## REQUIRED WORK
When you copy the records that follow, please keep every word exactly as it is and leave out the pictures.

***** DATA TO EXAMINE *****

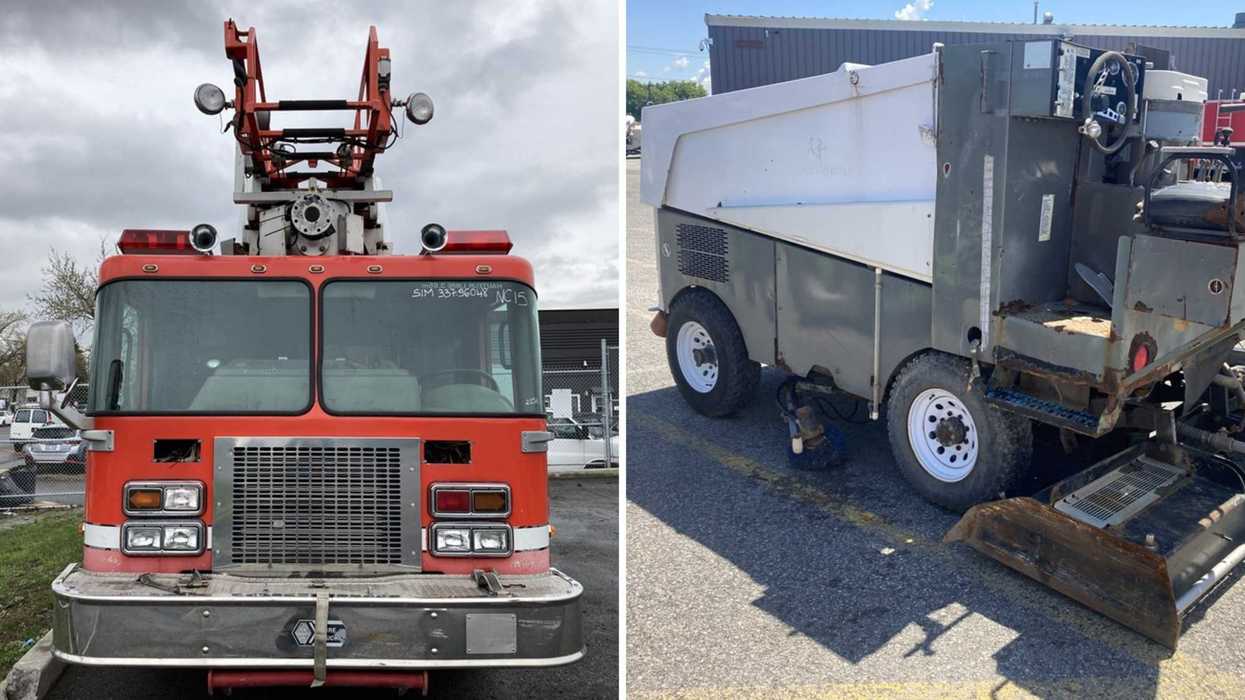 Un camion de pompier. Droite : une Zamboni.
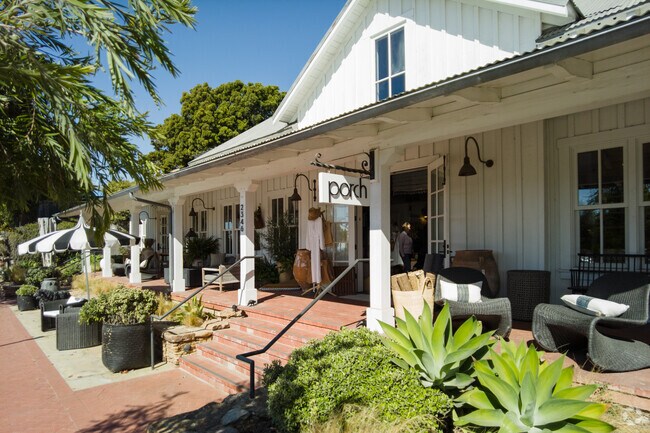 There are many cute shopping spots along Lillie Avenue in Summerland.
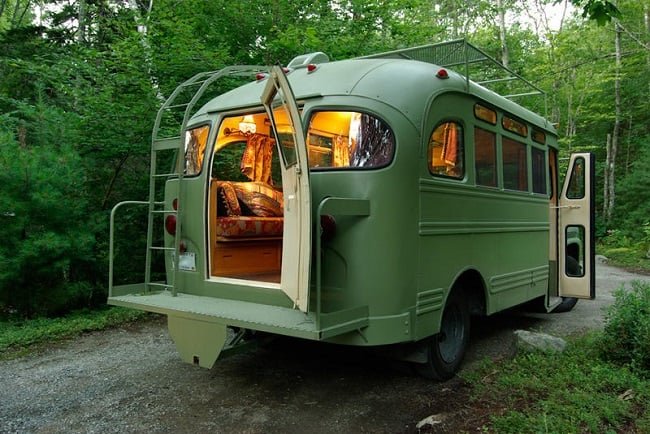 Short Bus Retro by Winkleman Architecture 1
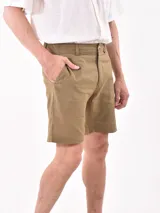 Bermuda color verde militar con bolsillos laterales y traseros.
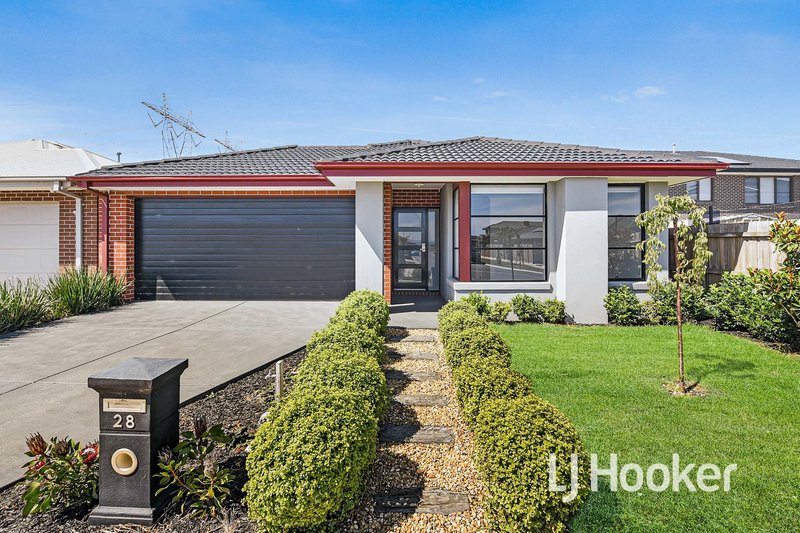 28 Bernardins Street, Clyde North VIC 3978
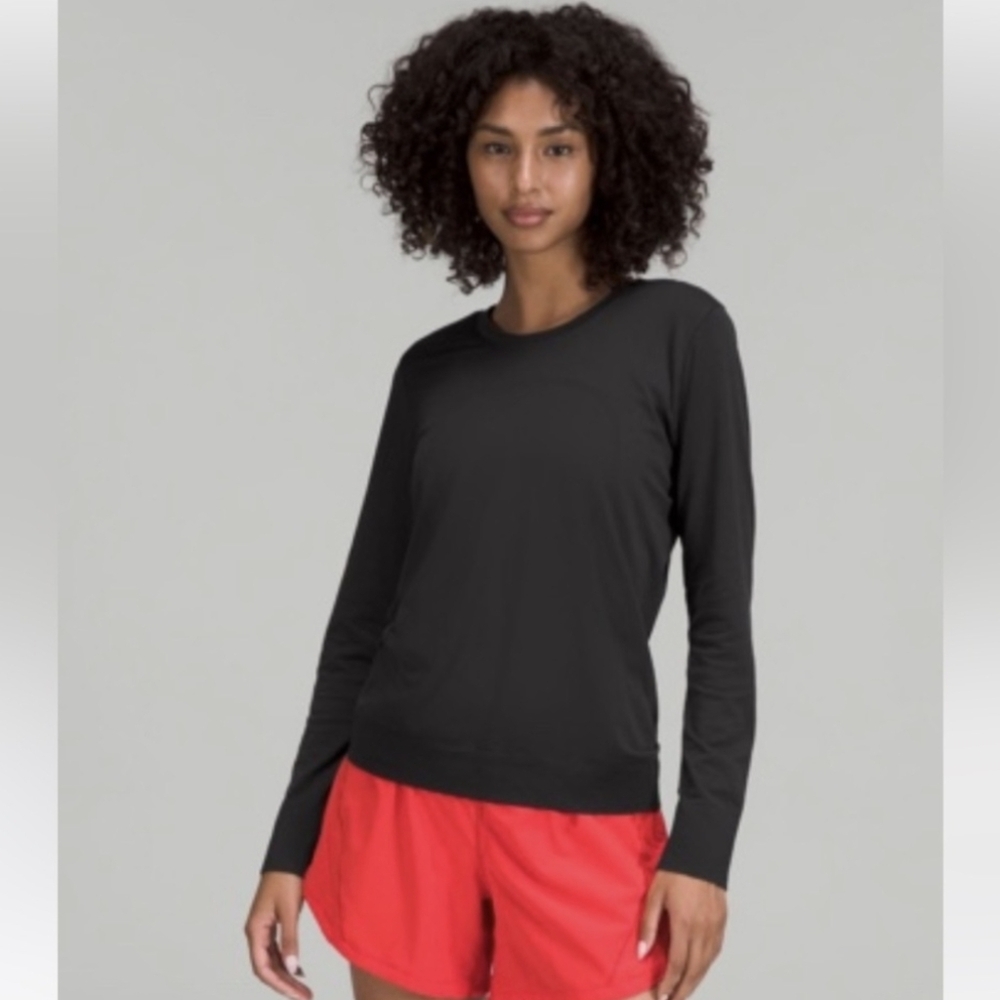 Lululemon Black Longsleeve Crewneck Tee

*****

## SOLUTION FOR THIS EXERCISE
 Un camion de pompier. Droite : une Zamboni.
 There are many cute shopping spots along Lillie Avenue in Summerland.
 Short Bus Retro by Winkleman Architecture 1
 Bermuda color verde militar con bolsillos laterales y traseros.
 28 Bernardins Street, Clyde North VIC 3978
 Lululemon Black Longsleeve Crewneck Tee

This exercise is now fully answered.